Para Rubio (2005, p.7 - 13) os financiamentos exclusivos público ou privado não são medidas mais aconselháveis. Advoga a autora pelo sistema misto, que possibilite ambos os financiamentos, com critérios distributivos que possam combinar proporcionalmente a distribuição de recursos, e que seja regulado de forma a garantir a transparência sobre o montante, origem e destino dos recursos, com limitações que sejam compatíveis com cada país. Essas limitações de montantes objetivam a diminuição da influência de grandes doadores, de forma a possibilitar a multiplicação da participação de pequenos doadores, evitando ainda, possíveis conflitos de interesses entre doadores e candidatos.

Na mesma linha Samuels (2003, p. 367-388) sugere a limitação do quantitativo em cada doação de empresas ou pessoa física, na qual fosse determinada a quantia máxima por cada candidato.

Speck (2006, p.154) ressalva a necessidade de cautela diante do dinheiro sem controle, que pode deturpar os valores da Democracia, quando chega ao ponto de desigualar a disputa e a igualdade de votos e a própria ideia de representação. Para autor, grande parte desses problemas são decorrentes das distorções das próprias campanhas eleitorais, cada vez mais caras e manipuladas pela propaganda e comunicação.

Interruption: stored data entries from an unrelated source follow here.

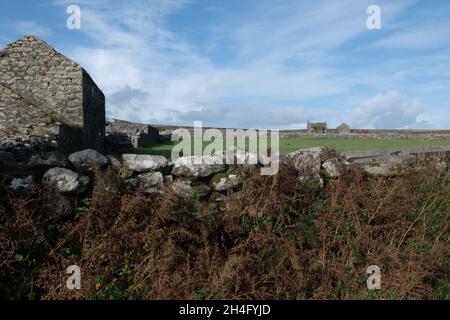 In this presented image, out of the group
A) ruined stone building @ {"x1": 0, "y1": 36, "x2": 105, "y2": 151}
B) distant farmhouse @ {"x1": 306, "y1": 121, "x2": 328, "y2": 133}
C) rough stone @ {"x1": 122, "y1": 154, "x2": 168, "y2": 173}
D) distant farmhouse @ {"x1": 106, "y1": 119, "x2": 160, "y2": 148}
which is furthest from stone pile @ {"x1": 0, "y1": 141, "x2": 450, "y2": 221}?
distant farmhouse @ {"x1": 306, "y1": 121, "x2": 328, "y2": 133}

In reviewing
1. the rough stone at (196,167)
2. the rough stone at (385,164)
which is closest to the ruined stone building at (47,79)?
the rough stone at (196,167)

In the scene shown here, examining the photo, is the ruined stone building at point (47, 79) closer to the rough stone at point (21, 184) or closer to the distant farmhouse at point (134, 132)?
the distant farmhouse at point (134, 132)

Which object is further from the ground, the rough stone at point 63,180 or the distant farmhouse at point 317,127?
the distant farmhouse at point 317,127

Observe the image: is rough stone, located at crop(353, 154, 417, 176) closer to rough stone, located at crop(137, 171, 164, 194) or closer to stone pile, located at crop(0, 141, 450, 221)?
stone pile, located at crop(0, 141, 450, 221)

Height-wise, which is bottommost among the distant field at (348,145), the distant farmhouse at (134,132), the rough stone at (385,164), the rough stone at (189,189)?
the rough stone at (189,189)

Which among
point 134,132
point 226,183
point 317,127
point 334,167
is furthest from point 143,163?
point 317,127

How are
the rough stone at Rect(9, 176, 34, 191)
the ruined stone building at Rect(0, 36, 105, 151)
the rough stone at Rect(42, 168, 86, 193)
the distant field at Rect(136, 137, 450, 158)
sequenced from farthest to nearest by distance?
the distant field at Rect(136, 137, 450, 158) → the ruined stone building at Rect(0, 36, 105, 151) → the rough stone at Rect(42, 168, 86, 193) → the rough stone at Rect(9, 176, 34, 191)

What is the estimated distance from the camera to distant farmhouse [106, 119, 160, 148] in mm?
23750

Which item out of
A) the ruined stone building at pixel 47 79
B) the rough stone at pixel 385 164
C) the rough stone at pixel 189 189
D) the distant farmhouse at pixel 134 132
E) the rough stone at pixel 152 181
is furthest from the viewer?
the distant farmhouse at pixel 134 132

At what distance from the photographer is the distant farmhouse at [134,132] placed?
23.8 m

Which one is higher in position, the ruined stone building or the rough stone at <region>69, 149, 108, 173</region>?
the ruined stone building

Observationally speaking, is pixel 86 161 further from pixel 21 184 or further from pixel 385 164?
pixel 385 164

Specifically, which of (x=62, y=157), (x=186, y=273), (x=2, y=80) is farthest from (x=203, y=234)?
(x=2, y=80) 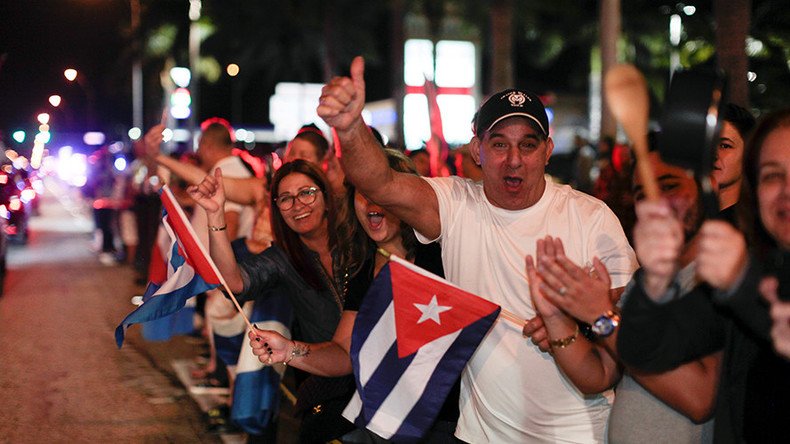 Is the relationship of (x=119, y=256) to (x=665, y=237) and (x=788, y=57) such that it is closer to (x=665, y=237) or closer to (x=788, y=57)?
(x=788, y=57)

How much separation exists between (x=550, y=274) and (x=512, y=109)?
0.94 metres

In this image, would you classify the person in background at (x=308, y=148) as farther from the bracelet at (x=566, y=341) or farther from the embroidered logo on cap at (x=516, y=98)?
the bracelet at (x=566, y=341)

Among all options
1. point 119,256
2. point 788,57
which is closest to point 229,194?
point 788,57

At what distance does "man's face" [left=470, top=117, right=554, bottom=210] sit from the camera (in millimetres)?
3613

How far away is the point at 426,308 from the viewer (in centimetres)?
370

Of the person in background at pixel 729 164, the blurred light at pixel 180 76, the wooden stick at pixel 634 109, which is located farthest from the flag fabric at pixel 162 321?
the blurred light at pixel 180 76

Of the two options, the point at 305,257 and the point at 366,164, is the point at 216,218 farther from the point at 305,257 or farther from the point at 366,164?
the point at 366,164

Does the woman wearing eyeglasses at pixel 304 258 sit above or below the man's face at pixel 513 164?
below

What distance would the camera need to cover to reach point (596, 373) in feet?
10.8

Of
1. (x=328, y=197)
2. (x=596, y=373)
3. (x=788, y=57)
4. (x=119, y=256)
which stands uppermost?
(x=788, y=57)

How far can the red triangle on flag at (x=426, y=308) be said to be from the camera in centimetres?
356

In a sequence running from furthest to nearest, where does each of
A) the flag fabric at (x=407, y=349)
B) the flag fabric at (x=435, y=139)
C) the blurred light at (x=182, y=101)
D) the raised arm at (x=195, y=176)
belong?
the blurred light at (x=182, y=101) < the flag fabric at (x=435, y=139) < the raised arm at (x=195, y=176) < the flag fabric at (x=407, y=349)

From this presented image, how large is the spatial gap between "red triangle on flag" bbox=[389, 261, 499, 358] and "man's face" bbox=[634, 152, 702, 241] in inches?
29.0

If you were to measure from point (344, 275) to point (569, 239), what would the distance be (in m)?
1.57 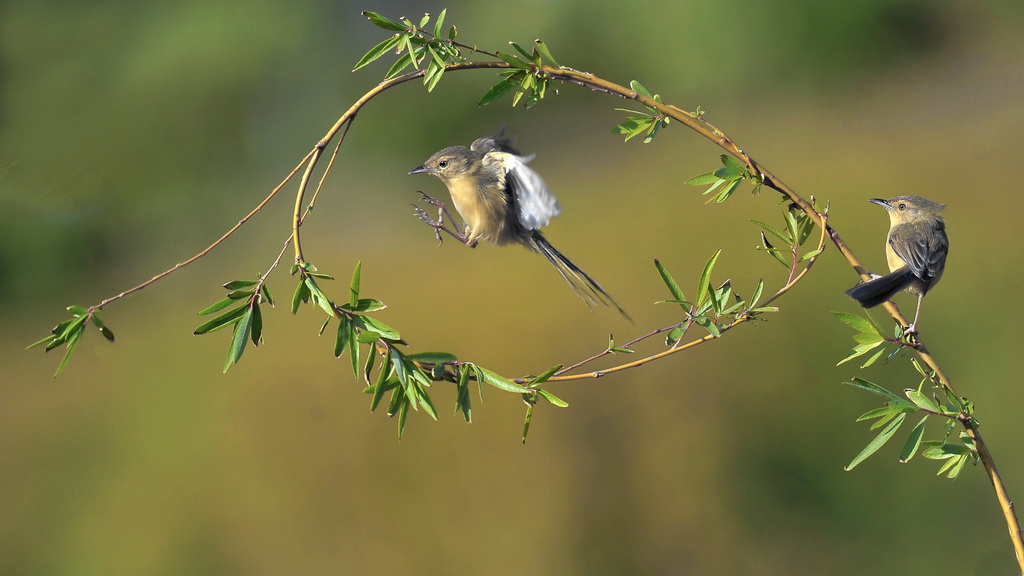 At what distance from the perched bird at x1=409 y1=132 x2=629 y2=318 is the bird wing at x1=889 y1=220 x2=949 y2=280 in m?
0.67

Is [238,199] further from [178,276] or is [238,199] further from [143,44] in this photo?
[143,44]

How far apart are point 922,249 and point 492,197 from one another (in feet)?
3.05

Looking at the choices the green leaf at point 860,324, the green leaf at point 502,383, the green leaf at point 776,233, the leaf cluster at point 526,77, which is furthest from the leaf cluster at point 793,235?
the green leaf at point 502,383

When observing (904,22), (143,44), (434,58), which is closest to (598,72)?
(904,22)

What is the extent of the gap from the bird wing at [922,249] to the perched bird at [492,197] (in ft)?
2.21

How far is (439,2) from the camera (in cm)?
558

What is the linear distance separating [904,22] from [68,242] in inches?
216

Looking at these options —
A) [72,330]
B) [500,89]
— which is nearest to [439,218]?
[500,89]

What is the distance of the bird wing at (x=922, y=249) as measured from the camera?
1.71 meters

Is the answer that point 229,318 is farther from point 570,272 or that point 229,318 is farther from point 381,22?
point 570,272

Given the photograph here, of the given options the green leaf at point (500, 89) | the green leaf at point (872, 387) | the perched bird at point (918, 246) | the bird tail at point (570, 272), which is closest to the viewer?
the green leaf at point (872, 387)

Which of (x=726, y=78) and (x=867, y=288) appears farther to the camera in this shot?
(x=726, y=78)

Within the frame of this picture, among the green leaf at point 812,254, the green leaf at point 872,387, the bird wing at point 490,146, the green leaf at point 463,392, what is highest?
the bird wing at point 490,146

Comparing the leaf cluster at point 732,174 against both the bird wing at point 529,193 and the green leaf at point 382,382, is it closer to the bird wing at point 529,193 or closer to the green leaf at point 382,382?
the bird wing at point 529,193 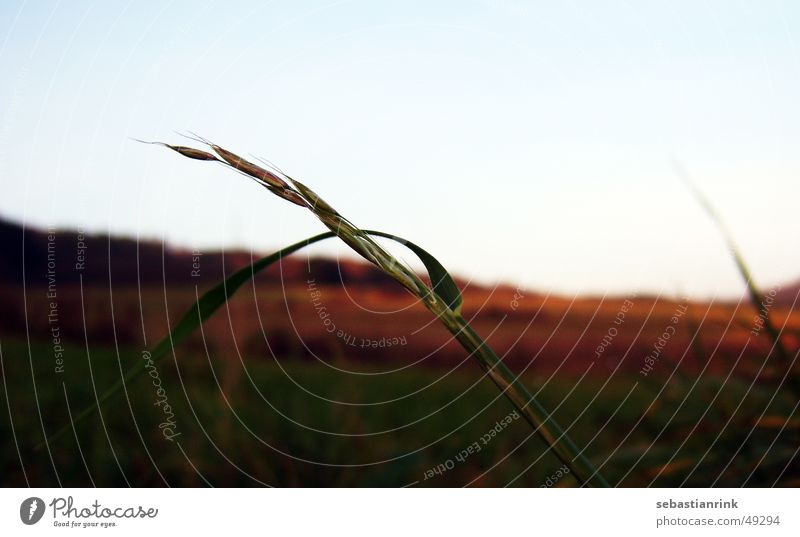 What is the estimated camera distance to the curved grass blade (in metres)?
0.37

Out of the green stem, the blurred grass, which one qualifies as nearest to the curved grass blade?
the green stem

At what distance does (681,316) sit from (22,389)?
4.83ft

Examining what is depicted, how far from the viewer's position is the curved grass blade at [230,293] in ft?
1.22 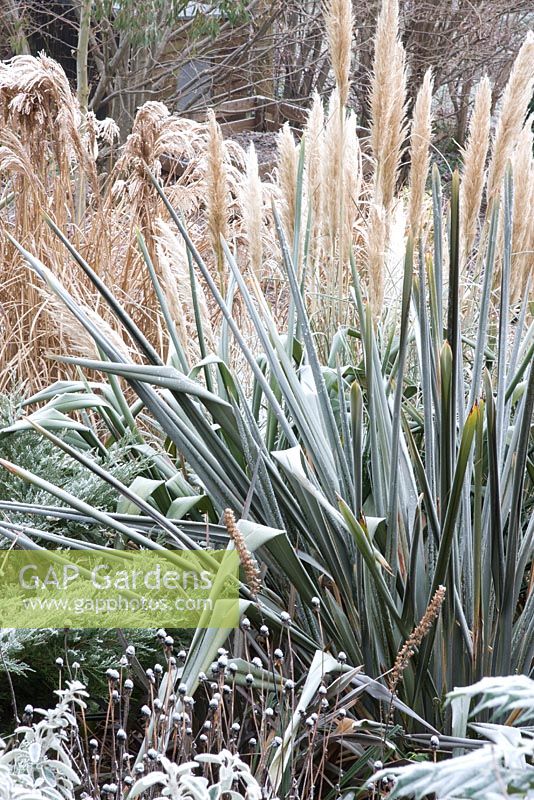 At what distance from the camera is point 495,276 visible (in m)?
2.74

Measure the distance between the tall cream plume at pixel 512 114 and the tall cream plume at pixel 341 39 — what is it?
1.23ft

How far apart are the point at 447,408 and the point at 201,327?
Answer: 73 centimetres

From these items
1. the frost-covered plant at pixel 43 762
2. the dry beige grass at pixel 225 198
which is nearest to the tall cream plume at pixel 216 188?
the dry beige grass at pixel 225 198

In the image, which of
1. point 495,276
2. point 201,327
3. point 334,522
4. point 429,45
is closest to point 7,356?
point 201,327

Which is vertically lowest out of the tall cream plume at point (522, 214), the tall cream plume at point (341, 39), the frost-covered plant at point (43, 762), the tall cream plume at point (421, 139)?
the frost-covered plant at point (43, 762)

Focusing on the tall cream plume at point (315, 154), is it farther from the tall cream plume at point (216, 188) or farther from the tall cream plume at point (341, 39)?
the tall cream plume at point (216, 188)

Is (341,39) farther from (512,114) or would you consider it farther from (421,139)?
(512,114)

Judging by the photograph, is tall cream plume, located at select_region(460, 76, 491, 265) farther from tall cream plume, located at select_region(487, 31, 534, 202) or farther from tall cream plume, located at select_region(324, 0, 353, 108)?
tall cream plume, located at select_region(324, 0, 353, 108)

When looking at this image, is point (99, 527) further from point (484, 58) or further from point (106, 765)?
point (484, 58)

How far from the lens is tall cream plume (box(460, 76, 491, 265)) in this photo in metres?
2.12

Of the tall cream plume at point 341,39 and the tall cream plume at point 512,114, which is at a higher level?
the tall cream plume at point 341,39

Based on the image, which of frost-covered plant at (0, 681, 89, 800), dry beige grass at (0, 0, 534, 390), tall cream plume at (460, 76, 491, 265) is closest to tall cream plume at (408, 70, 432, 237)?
dry beige grass at (0, 0, 534, 390)

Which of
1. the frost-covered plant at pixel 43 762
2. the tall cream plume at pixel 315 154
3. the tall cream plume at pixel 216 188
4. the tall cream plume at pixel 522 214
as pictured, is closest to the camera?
the frost-covered plant at pixel 43 762

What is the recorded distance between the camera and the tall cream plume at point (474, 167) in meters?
2.12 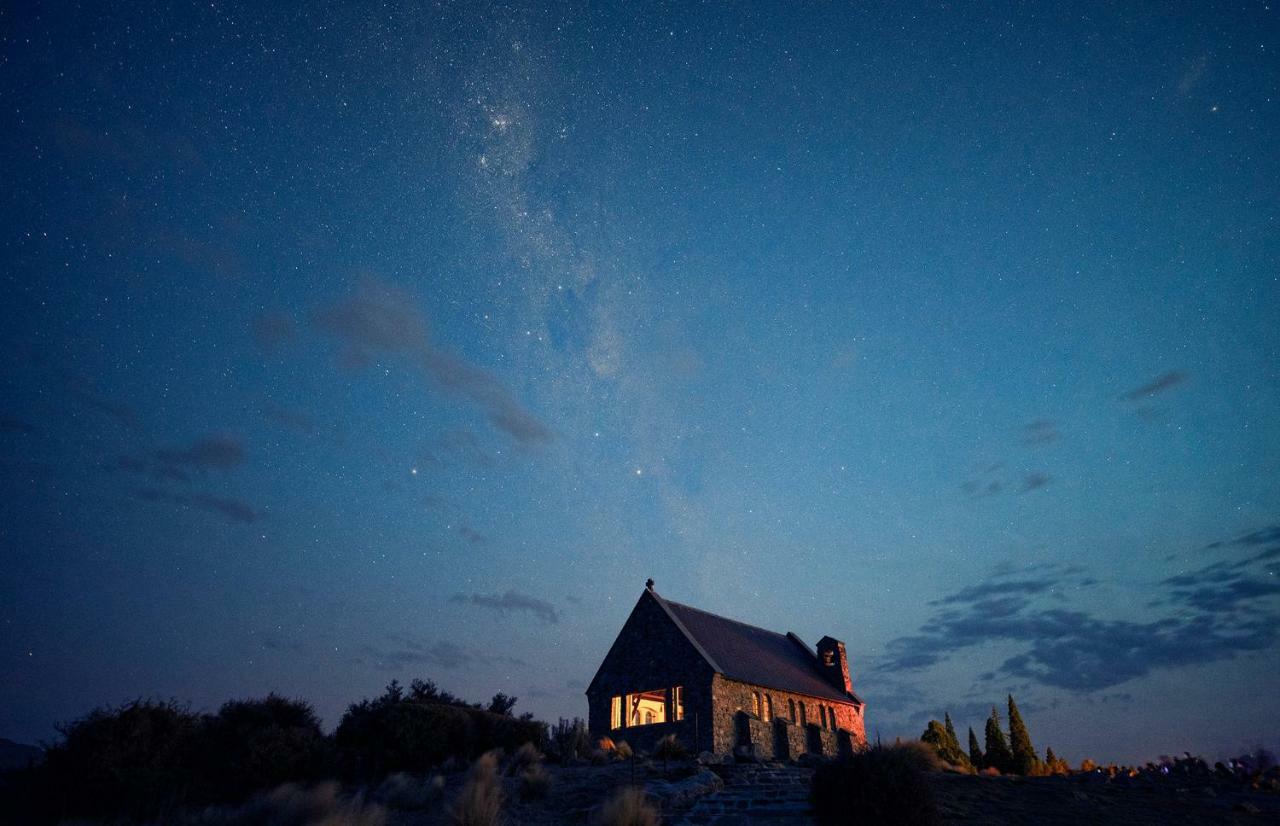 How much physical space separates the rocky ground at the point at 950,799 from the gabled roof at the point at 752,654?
14.5 m

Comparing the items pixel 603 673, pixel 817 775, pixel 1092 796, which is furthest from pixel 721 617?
pixel 817 775

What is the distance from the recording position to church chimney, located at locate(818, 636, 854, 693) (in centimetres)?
4394

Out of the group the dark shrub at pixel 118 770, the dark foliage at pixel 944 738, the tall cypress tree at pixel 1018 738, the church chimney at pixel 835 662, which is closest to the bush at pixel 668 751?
the dark shrub at pixel 118 770

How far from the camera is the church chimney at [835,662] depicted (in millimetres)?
43938

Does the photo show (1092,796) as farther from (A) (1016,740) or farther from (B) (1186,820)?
(A) (1016,740)

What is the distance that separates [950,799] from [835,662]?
1225 inches

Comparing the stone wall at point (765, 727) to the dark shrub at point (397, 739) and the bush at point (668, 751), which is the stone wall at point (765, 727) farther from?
the dark shrub at point (397, 739)

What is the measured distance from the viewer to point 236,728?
19.0 meters

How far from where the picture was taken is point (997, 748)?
45.4 metres

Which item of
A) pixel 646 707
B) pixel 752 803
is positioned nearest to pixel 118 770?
pixel 752 803

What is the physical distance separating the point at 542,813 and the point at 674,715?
1878 centimetres

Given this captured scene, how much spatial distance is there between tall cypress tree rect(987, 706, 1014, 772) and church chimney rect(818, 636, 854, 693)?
439 inches

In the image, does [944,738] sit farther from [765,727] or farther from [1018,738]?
[765,727]

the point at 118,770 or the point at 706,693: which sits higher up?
the point at 706,693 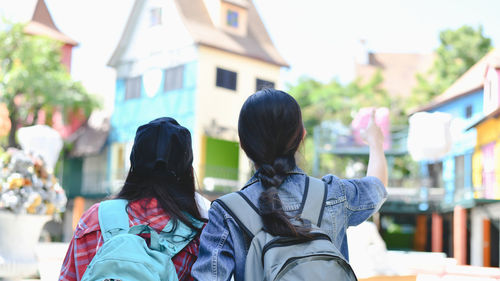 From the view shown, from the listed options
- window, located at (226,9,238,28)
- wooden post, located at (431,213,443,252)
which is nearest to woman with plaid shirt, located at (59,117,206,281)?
window, located at (226,9,238,28)

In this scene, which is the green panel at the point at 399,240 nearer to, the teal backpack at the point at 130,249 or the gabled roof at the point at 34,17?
the gabled roof at the point at 34,17

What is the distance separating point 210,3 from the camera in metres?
13.2

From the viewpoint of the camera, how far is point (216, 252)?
1.14m

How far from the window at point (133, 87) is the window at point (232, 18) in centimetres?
204

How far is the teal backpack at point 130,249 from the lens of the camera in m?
1.15

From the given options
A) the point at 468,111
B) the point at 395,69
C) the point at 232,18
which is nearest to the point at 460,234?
the point at 468,111

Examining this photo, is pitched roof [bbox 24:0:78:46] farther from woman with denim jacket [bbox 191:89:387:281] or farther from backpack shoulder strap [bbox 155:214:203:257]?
woman with denim jacket [bbox 191:89:387:281]

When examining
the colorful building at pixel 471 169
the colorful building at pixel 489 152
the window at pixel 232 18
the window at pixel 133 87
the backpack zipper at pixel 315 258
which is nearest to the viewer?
the backpack zipper at pixel 315 258

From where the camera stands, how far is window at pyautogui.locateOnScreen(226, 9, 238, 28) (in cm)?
1303

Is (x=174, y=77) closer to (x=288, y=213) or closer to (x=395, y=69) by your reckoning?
(x=395, y=69)

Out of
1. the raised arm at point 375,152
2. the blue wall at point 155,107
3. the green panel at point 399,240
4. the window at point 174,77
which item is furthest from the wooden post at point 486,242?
the raised arm at point 375,152

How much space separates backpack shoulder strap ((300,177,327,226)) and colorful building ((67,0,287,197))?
1076 centimetres

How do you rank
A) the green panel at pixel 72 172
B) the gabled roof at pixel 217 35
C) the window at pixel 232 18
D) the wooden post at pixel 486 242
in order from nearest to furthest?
the wooden post at pixel 486 242, the gabled roof at pixel 217 35, the window at pixel 232 18, the green panel at pixel 72 172

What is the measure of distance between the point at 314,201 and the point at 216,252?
0.64ft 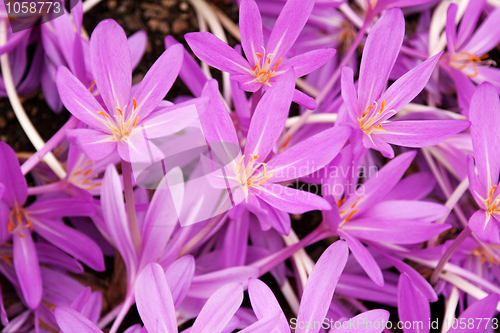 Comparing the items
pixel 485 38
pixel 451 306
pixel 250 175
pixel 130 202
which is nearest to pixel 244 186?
pixel 250 175

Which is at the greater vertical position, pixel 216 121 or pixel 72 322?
pixel 216 121

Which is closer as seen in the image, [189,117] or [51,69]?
[189,117]

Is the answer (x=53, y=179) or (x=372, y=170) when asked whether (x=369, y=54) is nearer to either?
(x=372, y=170)

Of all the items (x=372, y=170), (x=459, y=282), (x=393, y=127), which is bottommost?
(x=459, y=282)

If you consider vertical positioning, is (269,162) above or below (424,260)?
above

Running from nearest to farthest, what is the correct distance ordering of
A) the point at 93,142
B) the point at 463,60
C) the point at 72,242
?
the point at 93,142
the point at 72,242
the point at 463,60

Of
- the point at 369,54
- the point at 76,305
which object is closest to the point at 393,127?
the point at 369,54

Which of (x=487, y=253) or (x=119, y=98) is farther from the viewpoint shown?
(x=487, y=253)

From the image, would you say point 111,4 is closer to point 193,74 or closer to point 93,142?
point 193,74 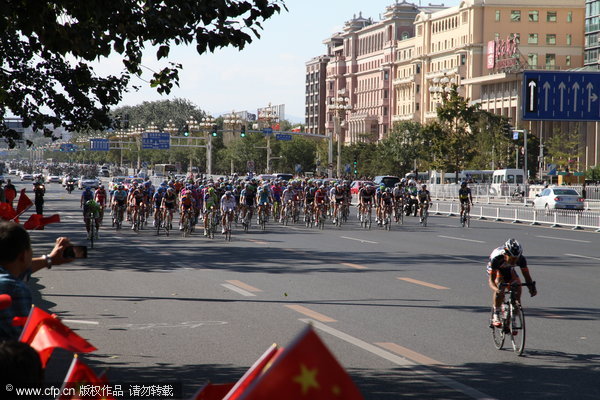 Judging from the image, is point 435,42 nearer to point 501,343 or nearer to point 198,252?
point 198,252

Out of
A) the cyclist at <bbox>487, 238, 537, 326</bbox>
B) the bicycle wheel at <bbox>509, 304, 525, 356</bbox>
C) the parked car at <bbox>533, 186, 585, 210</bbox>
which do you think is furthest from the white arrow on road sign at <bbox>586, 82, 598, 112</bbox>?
the bicycle wheel at <bbox>509, 304, 525, 356</bbox>

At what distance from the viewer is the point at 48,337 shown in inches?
149

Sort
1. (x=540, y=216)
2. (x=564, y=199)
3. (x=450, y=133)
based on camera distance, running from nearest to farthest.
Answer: (x=540, y=216) < (x=564, y=199) < (x=450, y=133)

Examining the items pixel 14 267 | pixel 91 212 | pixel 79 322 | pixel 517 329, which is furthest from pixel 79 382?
pixel 91 212

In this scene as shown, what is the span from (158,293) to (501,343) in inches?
255

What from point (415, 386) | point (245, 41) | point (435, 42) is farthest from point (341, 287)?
point (435, 42)

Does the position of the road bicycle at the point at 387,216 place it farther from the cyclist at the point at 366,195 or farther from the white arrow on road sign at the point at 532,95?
the white arrow on road sign at the point at 532,95

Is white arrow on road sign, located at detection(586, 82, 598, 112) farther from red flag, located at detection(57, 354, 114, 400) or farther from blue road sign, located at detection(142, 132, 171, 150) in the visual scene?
blue road sign, located at detection(142, 132, 171, 150)

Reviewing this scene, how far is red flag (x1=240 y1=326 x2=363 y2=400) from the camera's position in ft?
7.81

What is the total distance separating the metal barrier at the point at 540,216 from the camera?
37344 millimetres

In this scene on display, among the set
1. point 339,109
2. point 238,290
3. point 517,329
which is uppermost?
point 339,109

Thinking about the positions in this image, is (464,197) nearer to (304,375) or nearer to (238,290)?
(238,290)

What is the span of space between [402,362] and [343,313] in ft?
11.7

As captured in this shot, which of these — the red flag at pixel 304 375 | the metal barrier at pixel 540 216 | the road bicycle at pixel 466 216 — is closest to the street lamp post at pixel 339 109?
the metal barrier at pixel 540 216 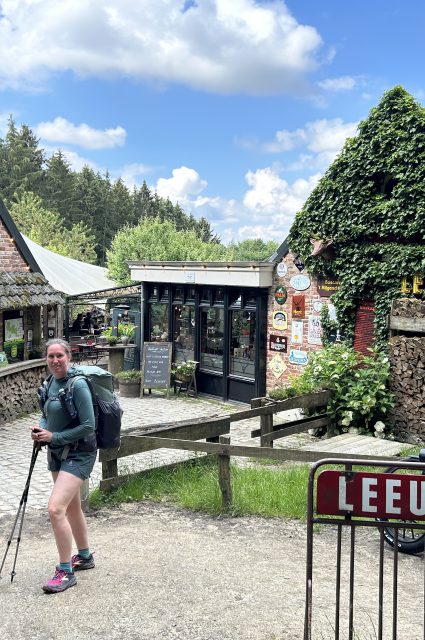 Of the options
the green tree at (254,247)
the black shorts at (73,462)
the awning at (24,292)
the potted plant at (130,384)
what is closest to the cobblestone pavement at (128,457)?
the potted plant at (130,384)

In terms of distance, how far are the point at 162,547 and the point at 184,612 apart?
127 centimetres

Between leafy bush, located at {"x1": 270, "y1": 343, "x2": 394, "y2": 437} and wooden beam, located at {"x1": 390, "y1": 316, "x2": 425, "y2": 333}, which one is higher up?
wooden beam, located at {"x1": 390, "y1": 316, "x2": 425, "y2": 333}

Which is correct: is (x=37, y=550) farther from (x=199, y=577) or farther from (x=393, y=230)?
(x=393, y=230)

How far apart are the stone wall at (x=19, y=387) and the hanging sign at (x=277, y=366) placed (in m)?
4.98

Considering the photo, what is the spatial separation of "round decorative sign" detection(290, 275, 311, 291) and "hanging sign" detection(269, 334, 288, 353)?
1152 mm

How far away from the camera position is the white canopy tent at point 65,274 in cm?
2353

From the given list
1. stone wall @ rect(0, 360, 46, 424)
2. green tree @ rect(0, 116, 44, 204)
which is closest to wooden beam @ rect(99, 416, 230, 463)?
stone wall @ rect(0, 360, 46, 424)

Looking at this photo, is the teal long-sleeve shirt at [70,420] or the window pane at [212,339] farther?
the window pane at [212,339]

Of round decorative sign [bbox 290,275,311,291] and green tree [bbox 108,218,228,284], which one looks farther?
green tree [bbox 108,218,228,284]

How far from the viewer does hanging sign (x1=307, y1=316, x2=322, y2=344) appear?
43.7ft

As doações privadas questionadas na Adi n.4650/DF, de fato em nada asseguram a proporcionalidade e equidade entre os partidos na forma como são reguladas, devendo ser revistas para que haja, por exemplo, um teto fixo e não baseado em rendimentos ou faturamentos, ou mesmo uma revisão das sanções eleitorais aplicáveis. Essa inclusive é sugestão constante da doutrina especializada no assunto, o controle dos valores pela imposição de limitação do montante

a ser doado (SPECK, 2006; KANAAN, 2012; ZOVATTO, 2005).

Porém, proibir a doação, já ultrapassa o limite de atuação do Poder Judiciário e fere a garantia constitucional de autonomia e liberdade partidária e a liberdade da própria pessoa jurídica. Um marco jurídico eficaz é inevitável e necessário, justamente para que seja garantido o equilíbrio partidário e seu fortalecimento, de forma a se evitar as influências abusivas do poder econômico nas eleições e nos eleitos, dando maior poder aos eleitores com informações claras e transparentes. A regulação de condutas, sem infringir a liberdade e autonomia garantidas constitucionalmente, devem criar formas que incentivem a construção ideal entre a politica e o financiamento.